#### TRY IT
Reproduce each of the following records without any deviation.

[Saved entries]
_ _ _ _ _
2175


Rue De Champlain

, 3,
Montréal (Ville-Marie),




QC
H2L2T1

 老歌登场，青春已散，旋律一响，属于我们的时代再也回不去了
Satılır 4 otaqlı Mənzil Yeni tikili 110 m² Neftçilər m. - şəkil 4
_ _ _ _ _
#### YOUR SOLUTION
2175


Rue De Champlain

, 3,
Montréal (Ville-Marie),




QC
H2L2T1

 老歌登场，青春已散，旋律一响，属于我们的时代再也回不去了
Satılır 4 otaqlı Mənzil Yeni tikili 110 m² Neftçilər m. - şəkil 4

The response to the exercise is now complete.